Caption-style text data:
= = =
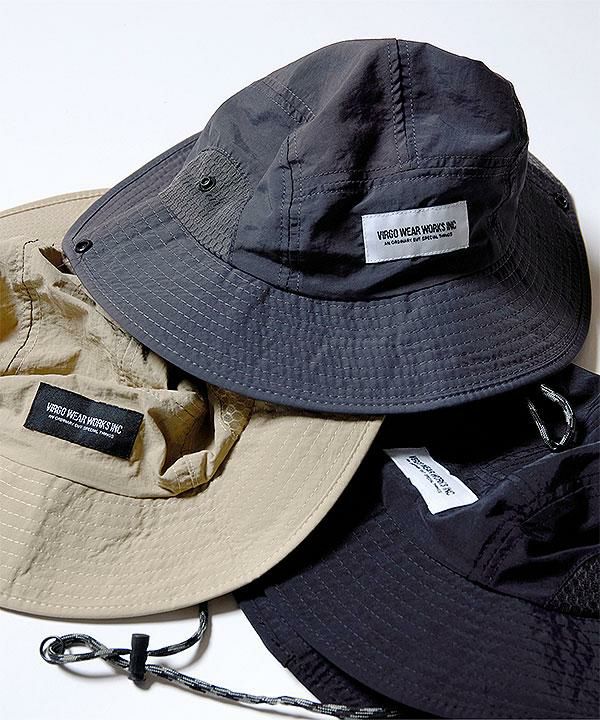 VIRGOwearworks ヴァルゴウェアワークス UTILITY BREEZE HAT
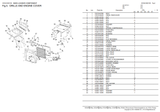 YANMAR S270V SKID STEER LOADER PARTS MANUAL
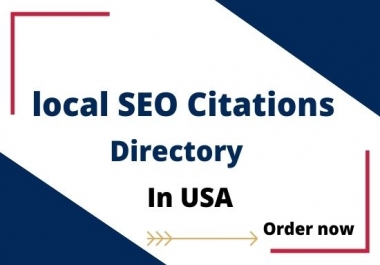 I will do local SEO citation directory in USA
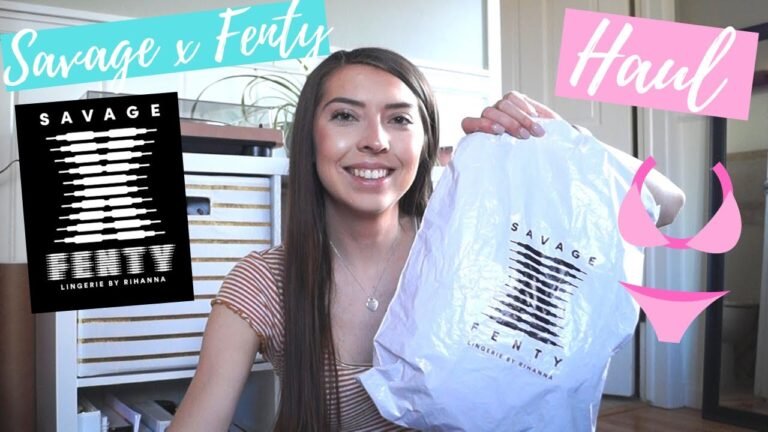 SAVAGE X FENTY VS. VICTORIA'S SECRET (Haul & Review!)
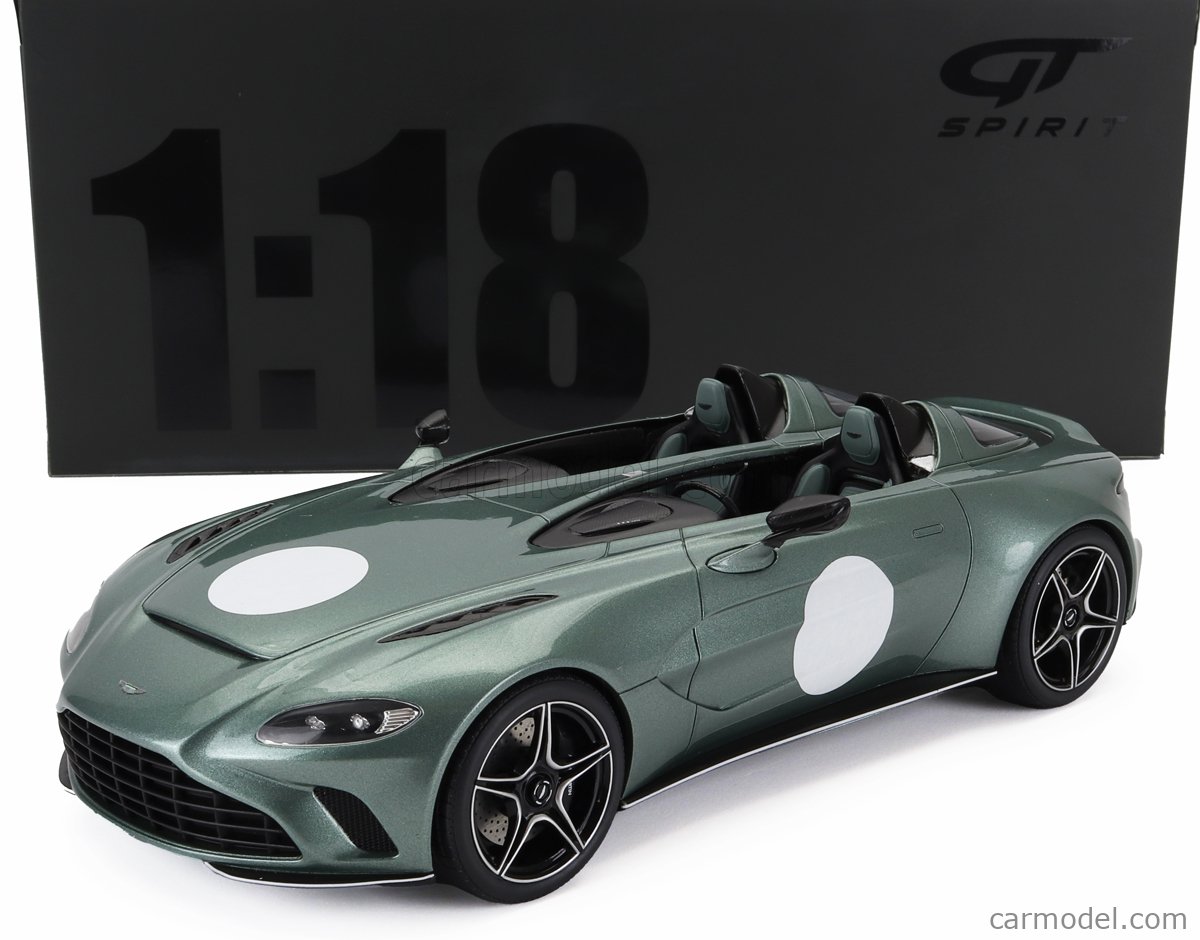 Aston Martin DB12 Hyper Red 2023 1/18 GT spirit GT936 - Collection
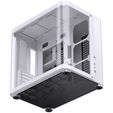 Jonsbo TK-2 2.0 Midi-Tower, Tempered Glass - wei&szlig; image number null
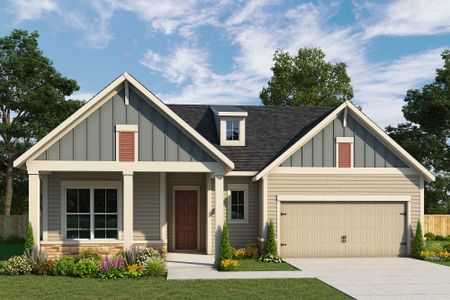 New construction Single-Family house 1153 Pastoral Pl, Waxhaw, NC 28173 plan The Preserve - image
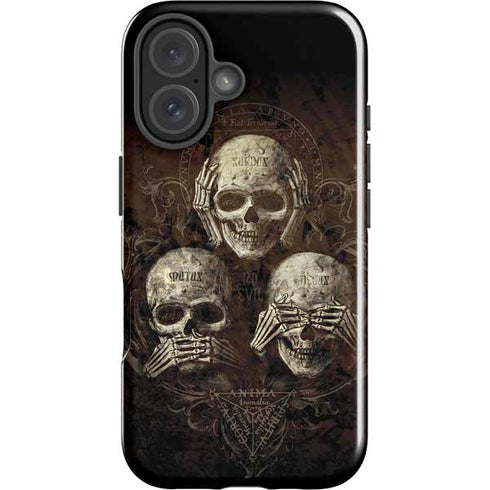 Alchemy Carta No Evil iPhone 16 Impact Case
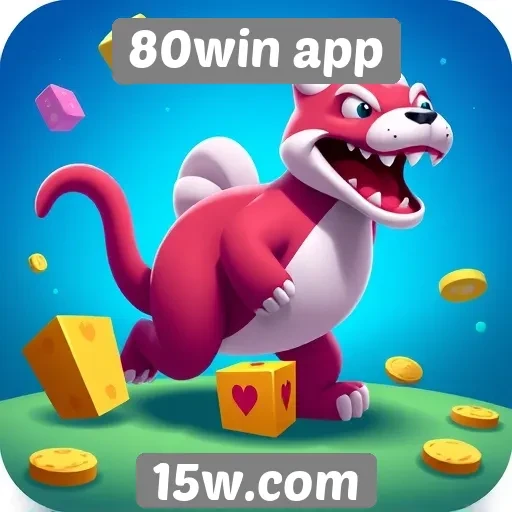 Comparativo de jogos disponíveis no 80win app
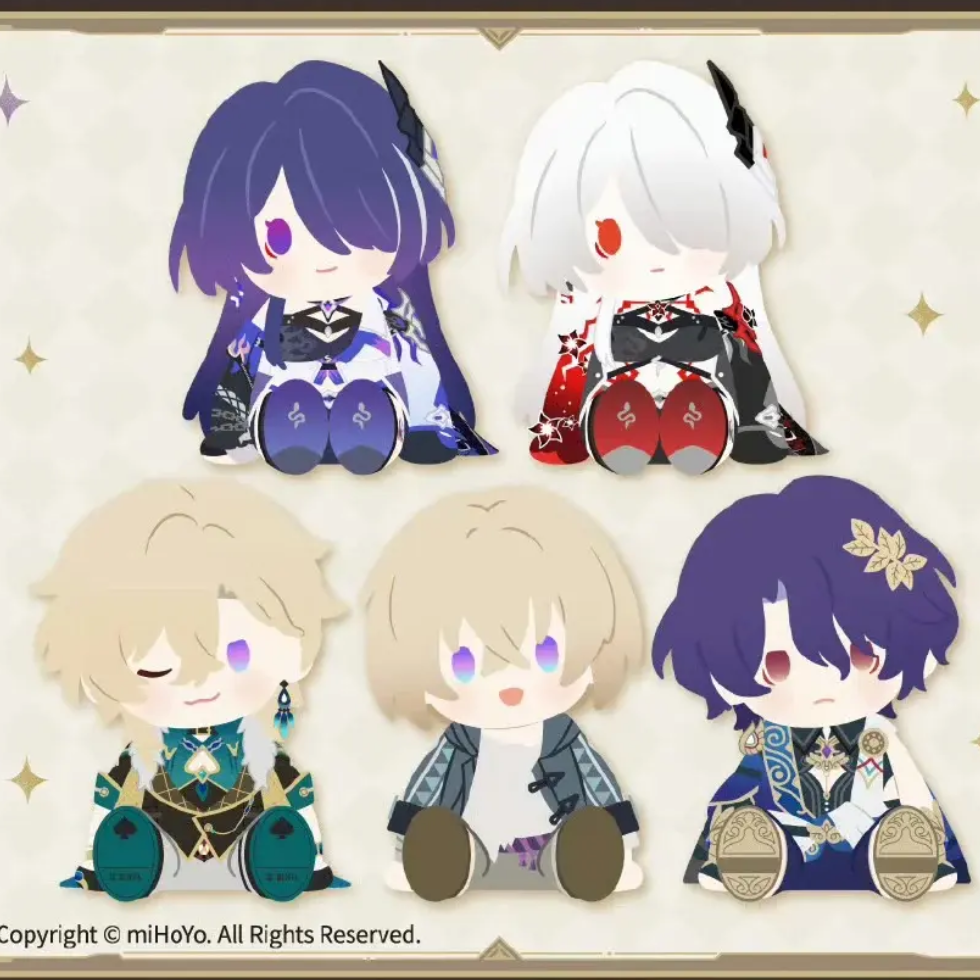 【崩坏：星穹铁道】一番赏 崩坏：星穹铁道 Vol.2  （盲盒代拆）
= = =
Write the records out again verbatim and omit the pictures they contain.

 VIRGOwearworks ヴァルゴウェアワークス UTILITY BREEZE HAT
 YANMAR S270V SKID STEER LOADER PARTS MANUAL
 I will do local SEO citation directory in USA
 SAVAGE X FENTY VS. VICTORIA'S SECRET (Haul & Review!)
 Aston Martin DB12 Hyper Red 2023 1/18 GT spirit GT936 - Collection
 Jonsbo TK-2 2.0 Midi-Tower, Tempered Glass - wei&szlig; image number null
 New construction Single-Family house 1153 Pastoral Pl, Waxhaw, NC 28173 plan The Preserve - image
 Alchemy Carta No Evil iPhone 16 Impact Case
 Comparativo de jogos disponíveis no 80win app
 【崩坏：星穹铁道】一番赏 崩坏：星穹铁道 Vol.2  （盲盒代拆）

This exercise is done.